Take a logic statement like $\forall x \ P(x)$

What does this say? We read this as 'All objects have property $P$". OK, but what exactly is this property $P$? And what do you mean by 'all'? Indeed, what are we really talking about?

This is where interpretations come in. An interpretation might say: This sentence is about natural numbers, and $P(x)$ means that "$x$ is even". So under that interpretation, the above statement would mean that "all natural numbers are even".

OK, but there are many other interpretations possible. I could say that the domain is my clothes, and that $P(x)$ means "$x$ is red". So now the statement means "All my clothes are red". A totally different statement

Part of the power of logic is that the statement itself doesn't fix any interpretation... and therefore point out interesting relationships about any domain. For example, you can show that $\neg \forall x \ P(x)$ is logically equivalent to $\exists x \ \neg P(x)$, no matter what the domain is or what $P(x)$ means.

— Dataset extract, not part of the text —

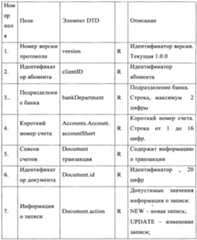 Figure imgf000053_0001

Now, in your case we use a restricted quantifier of the form $\forall x \in D ...$. Again, when we use such a quantifier, we do often have some specific domain in mind ... but logic itself does not. So, you'll have to say what this $D$ is in the interpretation. And, here we do make the stipulation that whatever $D$ is, it is part of a larger domain. That is, the very idea of the restricted quantifier is of course that out of some larger domain, there exists a subset $D$ to which we want to restrict our claim.

So, the interpretation will have to define two groups of objects: the group of objects represented by $D$, and the group of objects that the unrestricted quantifier $\forall x$ would range over, where we specify that the first group of objects is a subset of the latter group. But no, neither $D$ nor the larger domain is specified by the statement itself.

However, showing the power of logic once again, no matter what we pick for $D$, the larger domain that $D$ is a subset of, and $P$, it will always have to be the case that $\forall x \in D, P(x)$ is true if and only if $\forall x, x \in D \to P(x)$ is true. And that makes them logically equivalent statements.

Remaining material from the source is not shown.